You don't have to be a nature guide to use this brochure. Apart from the 'excursion' working method - which, after all, outdoor teachers can also use - this brochure is mainly about the question of how to combine nature education and 'Education for Sustainable Development' (the beautiful Flemish counterpart of our 'Learning for Sustainable Development'). This happens immediately in chapters 2 (didactics of ESD) and 3 (how to put ESD into practice). These chapters mainly deal with what participants (target groups/pupils) can learn from ESD, what the educator/teacher can contribute with regard to content and what skills he/she will need to do this.
Chapter 4 tackles ten topics, providing a concrete guide for practitioners. These topics are biodiversity, climate, migratory birds, forests, agriculture, parks, landscape history, rivers, silence and darkness. A nice collection with which you can create very different experience and learning situations. It is in this chapter that the real power of this brochure lies.
Take, for example, "landscape history. Ostensibly a 'good' subject. But the Flemish immediately know how to give it a 'sustainability twist' by elaborating the aspects 'Wonderment', 'Care' and 'Justice', which are consistently maintained in each subject.
You then quickly end up with a text like, 'Heathlands and other traditional landscapes teach us how difficult it used to be for the farmer to maintain soil fertility. This is still the case in large parts of the world today. On the other hand, we can now afford to maintain shifting dune landscapes as nature reserves (Kalmthoutse Heide; Hoge Veluwe) while elsewhere on earth desertification is a major environmental problem for entire populations'..
Land degradation, socio-economic North-South dialogue, global ecology, time and space - do you want sustainability to be even 'darker green'?

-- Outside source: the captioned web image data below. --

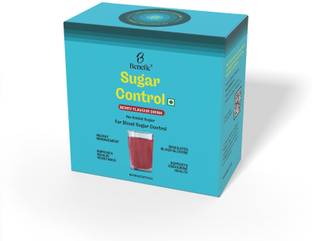 Benefic Sugar Control Berry Flavour Drink for Blood sugar control
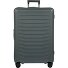  Roadster 4 ruote Carrello L 75 cm con piega di espansione Variante grey matt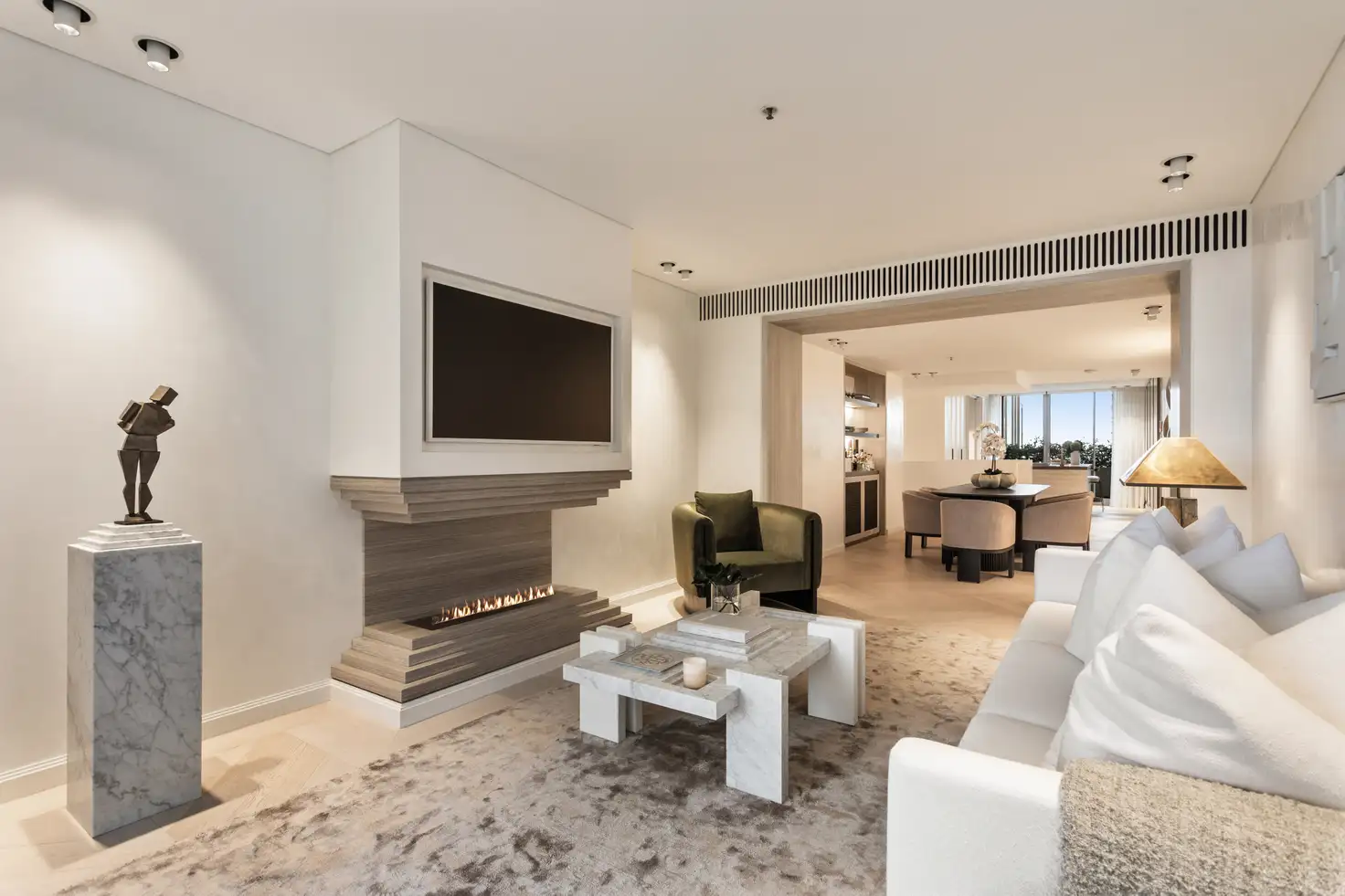 Main view of Homely apartment listing, 306/81 Macleay Street, Potts Point NSW 2011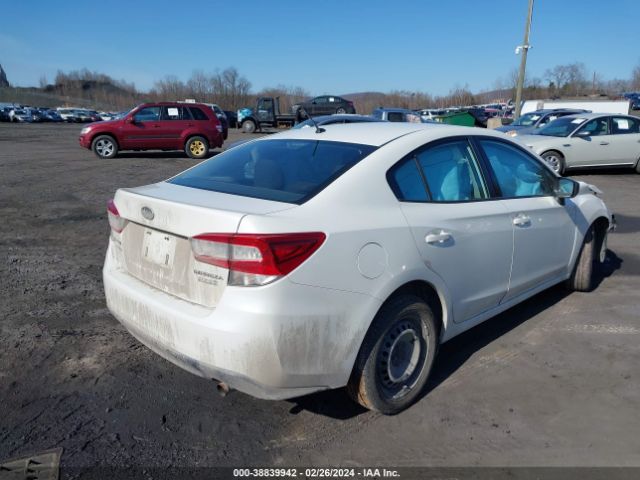 Photo 3 VIN: 4S3GKAA68H3608991 - SUBARU IMPREZA 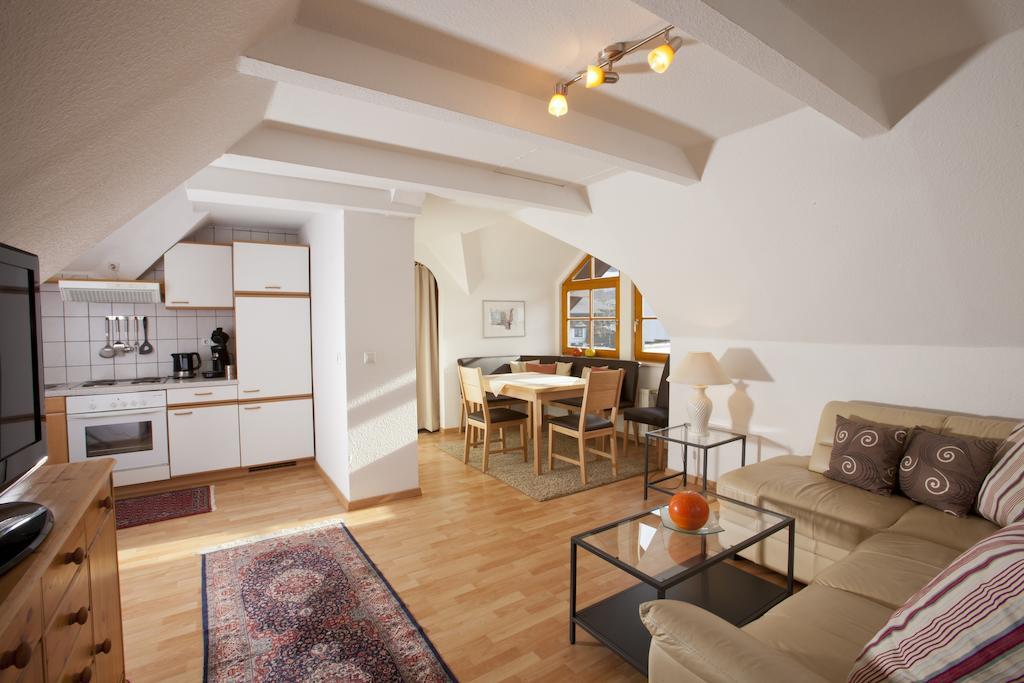 Appartementhaus Erasim 슈라드밍 객실 사진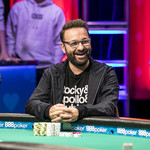 Daniel Negreanu v King’s! KidPoker potvrdil účast na WSOPE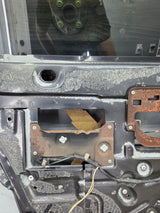 1996-1999 Chevrolet Tahoe / GMC Yukon 1500 2500HD Rear Driver side rear door LH
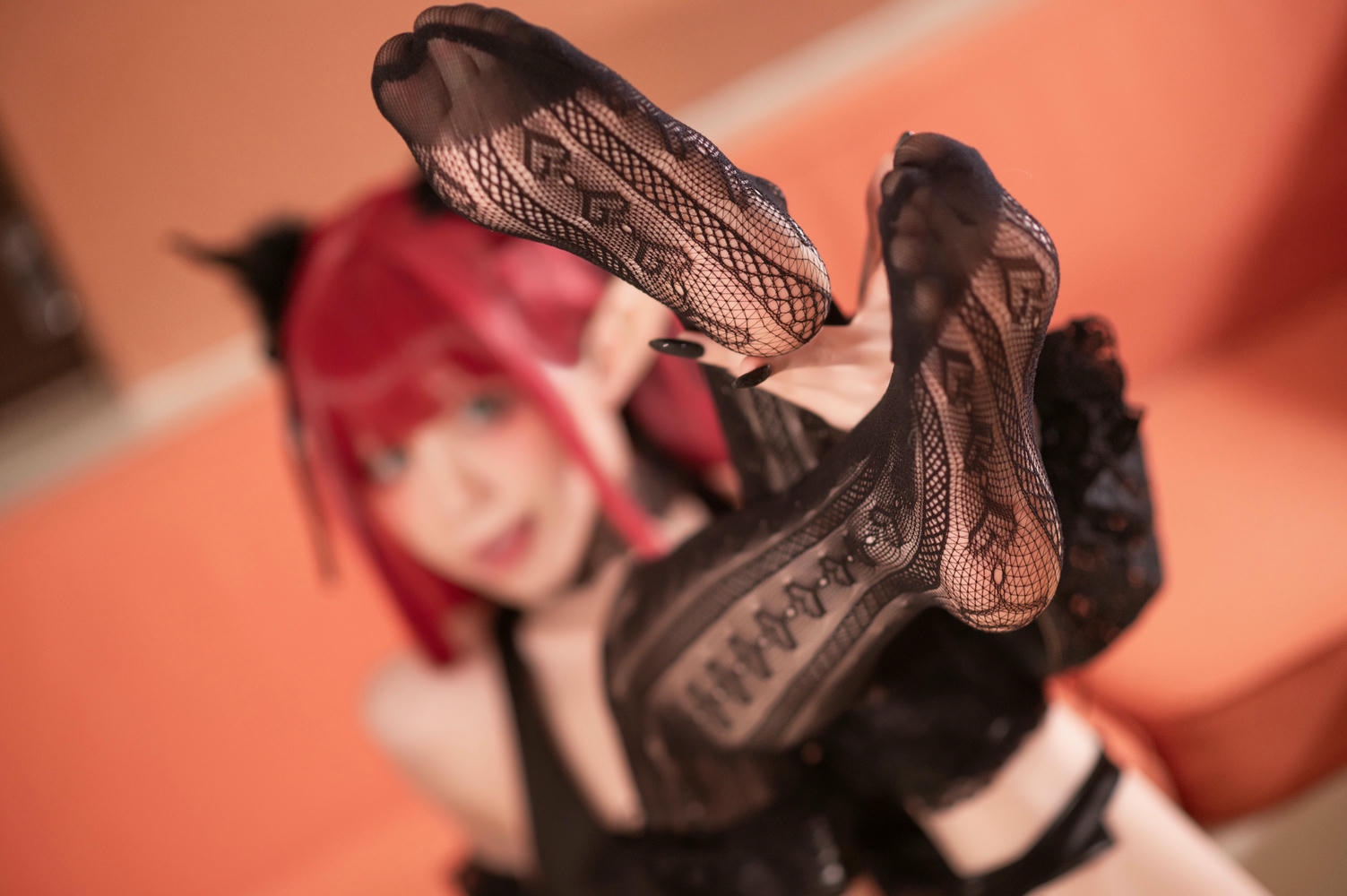 水淼 NO.122 更衣人偶坠入爱河 利兹 [109P-127MB]_第1集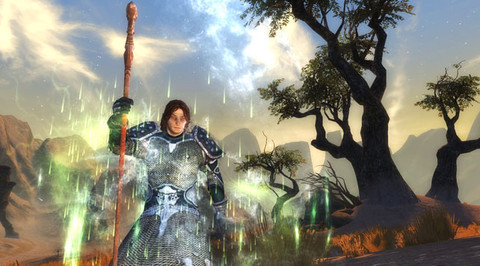 Rift - Faille de sécurité signalée par les joueurs, scellée par Trion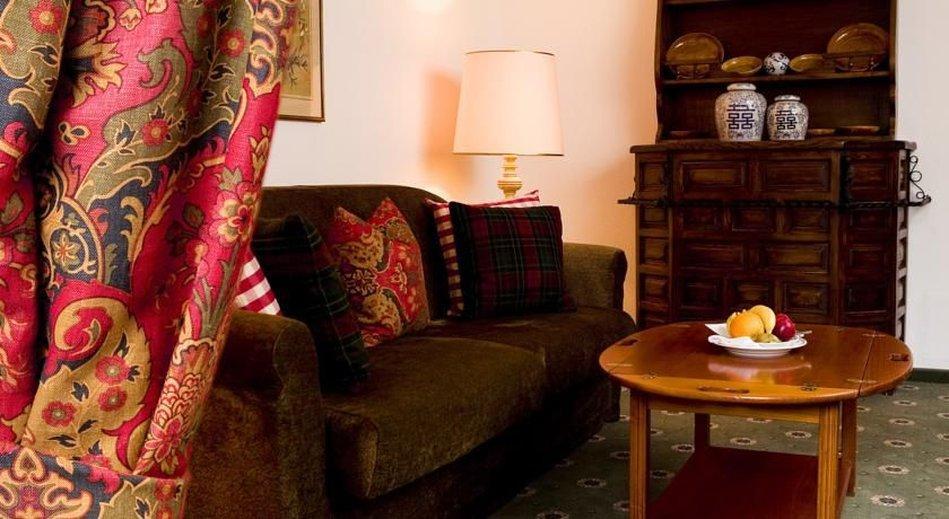 Hotel Admiral Munich Luaran gambar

The text, as in 'The Flag and the Load', concludes with a reflection model: the ESD test in chapter 5. Here the three aspects mentioned above plus the organization of the activity are addressed. The educator/teacher is expected to fill it out before the activity and to discuss it with the group afterwards.
As far as I am concerned, this is a brochure that is both accessible and succeeds in elaborating sustainable development in an educational/teaching sense in a concise manner.